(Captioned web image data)
◆ ◆ ◆ ◆ ◆ ◆ ◆

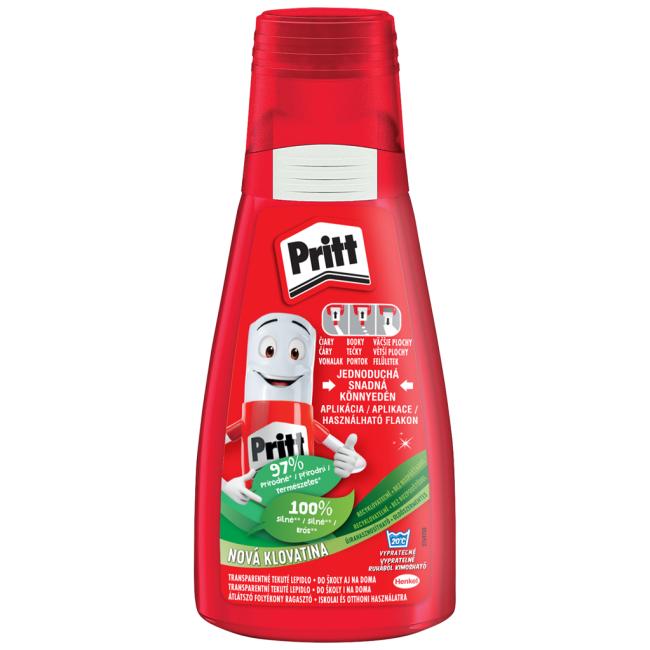 Pritt Flüssigkleber Klovatina 100g
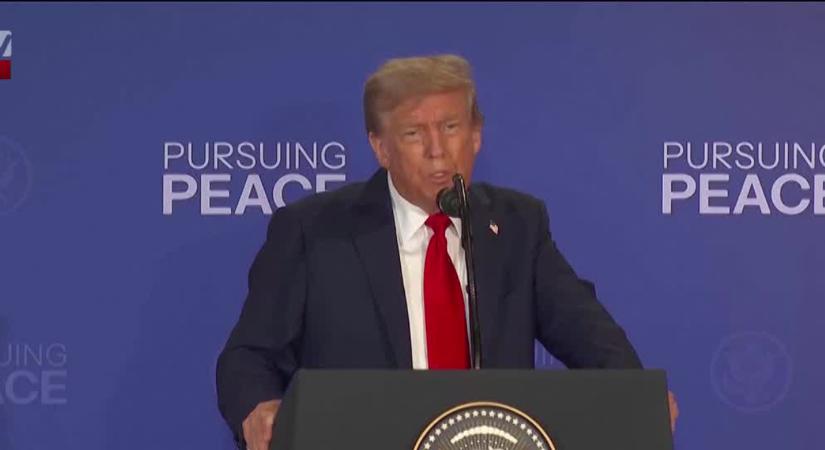 Donald Trump és Vlagyimir Putyin is eredményesnek nevezte az alaszkai találkozót  videó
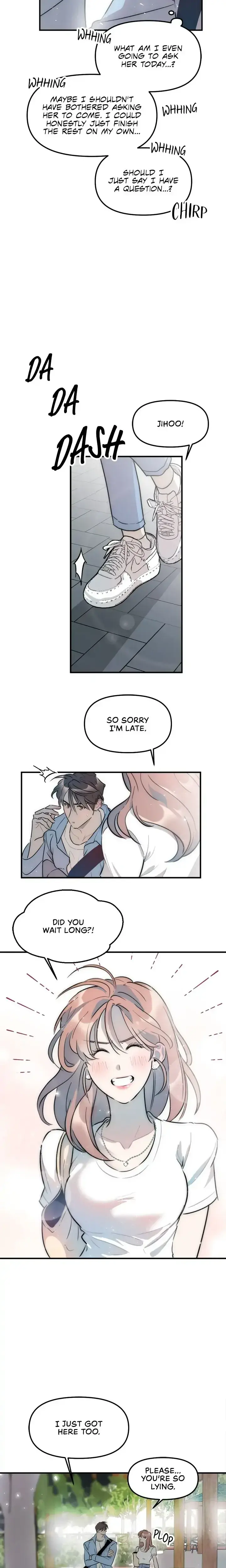 A Friendship So Impure Chapter 11 - Page 2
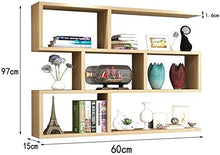 RCLD Una Parete Scorrevole Bagagli apparecchio memorizza Tatuaggi Multimedia Vari Prodotti Lunghezza x Larghezza Altezza Pacchetto cm TV Legno Parete di Legno, di Legno: pioppo
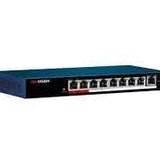 Hikvision DS-3E0510P-E-M 8 Portlu 10-100-1000 Gigabit Fast Ethernet Switch
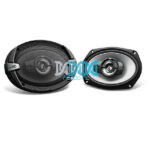 Jvc Speakers 6X9 3Way Coaxial 400Watt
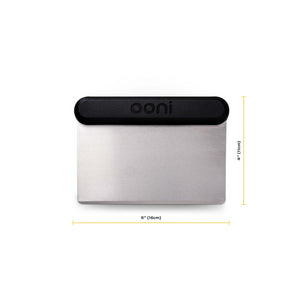Ooni Bench/Pizza Dough Scraper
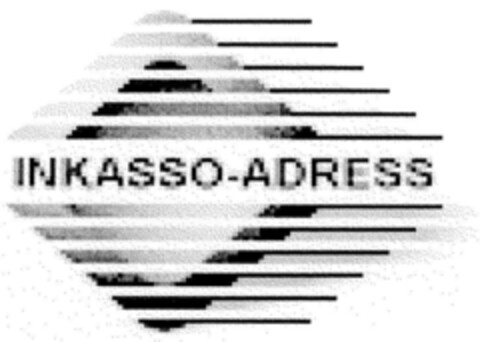 INKASSO-ADRESS Logo (DPMA, 04/25/2001)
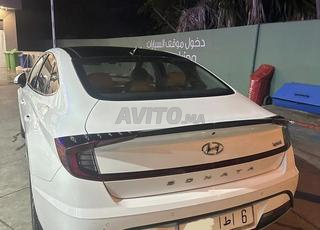 Hyundai Sonata Hybride Automatique 2021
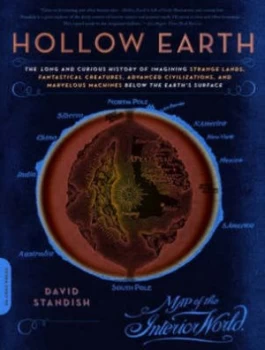 Image of Hollow Earth by David Standish Paperback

◆ ◆ ◆ ◆ ◆ ◆ ◆

From the first line to the last, set down the records word for word and drop the images.

THE COMPLETED TASK:
 Pritt Flüssigkleber Klovatina 100g
 Donald Trump és Vlagyimir Putyin is eredményesnek nevezte az alaszkai találkozót  videó
 A Friendship So Impure Chapter 11 - Page 2
 RCLD Una Parete Scorrevole Bagagli apparecchio memorizza Tatuaggi Multimedia Vari Prodotti Lunghezza x Larghezza Altezza Pacchetto cm TV Legno Parete di Legno, di Legno: pioppo
 Hikvision DS-3E0510P-E-M 8 Portlu 10-100-1000 Gigabit Fast Ethernet Switch
 Jvc Speakers 6X9 3Way Coaxial 400Watt
Ooni Bench/Pizza Dough Scraper
 INKASSO-ADRESS Logo (DPMA, 04/25/2001)
 Hyundai Sonata Hybride Automatique 2021
 Image of Hollow Earth by David Standish Paperback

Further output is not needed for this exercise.